After their heyday as storage facilities had passed, the warehouse lofts of SoHo sat largely unused in the 1970s, until groups of artists and creatives realized their potential. Here was all this huge, empty space sitting in the middle of downtown Manhattan, and all you needed was a crowbar to get in.
Similarly, the ports of Los Angeles are currently filled with unused shipping containers, victims of the global downturn, stacked empty in parking lots and taking up space.
Architect Peter DeMaria, principal of DeMaria Design, sees something similar to what the SoHo pioneers saw: Raw spatial material. Shipping containers are already fireproof, space-defined, resistant to the elements and sturdy enough to be stacked atop one another. To that end he has incorporated shipping containers into the design of the cash-strapped East L.A. Four Square Church Parsonage's new building (which was awarded a 2009 American Institute of Architects Design Award):
Budget constraints and design concepts led to the creation of a "hybrid" construction system - a combination of innovative and traditional technologies - that employs recycled ISO Shipping Containers commonly found in every port around the globe, as the primary building block for the building. The containers once destined to wither away, as they do abandoned and in disrepair only blocks away from the project site, are given a new chance at life. Redeployed as a super strong, fireproof, mold resistant and affordable structural system, the containers become a powerful metaphor for parishioners seeking a new beginning.

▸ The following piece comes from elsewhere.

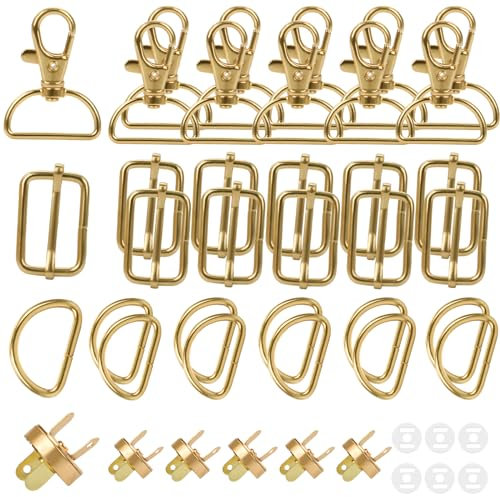 36 Stück 25mm taschenzubehör zum nähen mit 10 d ringe 10 Karabinerhaken SchlüSselanhänger Gold 10 Leiterschnalle 6 Magnetknopf Metall Karabinerhaken für Taschen,Basteln,Handtaschen,Handwerk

Fully exposed, the steel corrugated containers serve as the primary enclosure/space for classrooms on the second level along with a Pastor's living unit and a Teen Drop-In Center. The ground floor Gathering Hall is a communal space that hosts wedding receptions, cultural events, educational presentations and various religious celebrations. This space opens to an outdoor Plaza and the original Church to the east and also opens to the Children's Sunken Garden, surrounded in bamboo, to the south.
Built to structural standards that exceed conventional wood and steel frame buildings, Peter DeMaria has been developing this cargo container based building system over the past six years.
"The fundamental solutions to our expensive construction cost challenges already exist. We need to look more closely at materials and systems from other industries and explore how they might be modified and/or adapted to meet our construction and architecture needs. Our mission is to develop design processes that leverage existing fabrication systems - these systems have liberated a design palette of innovation for us.
...It is incumbent upon us: 1) to create buildings that amplify environmentally conscious sensibilities, and 2) to employ progressive design as a catalyst to improve business and living conditions.
Next month DeMaria will be sharing the process with the public through the soon-to-open L.A. gallery FIX - Center for Design + Innovation.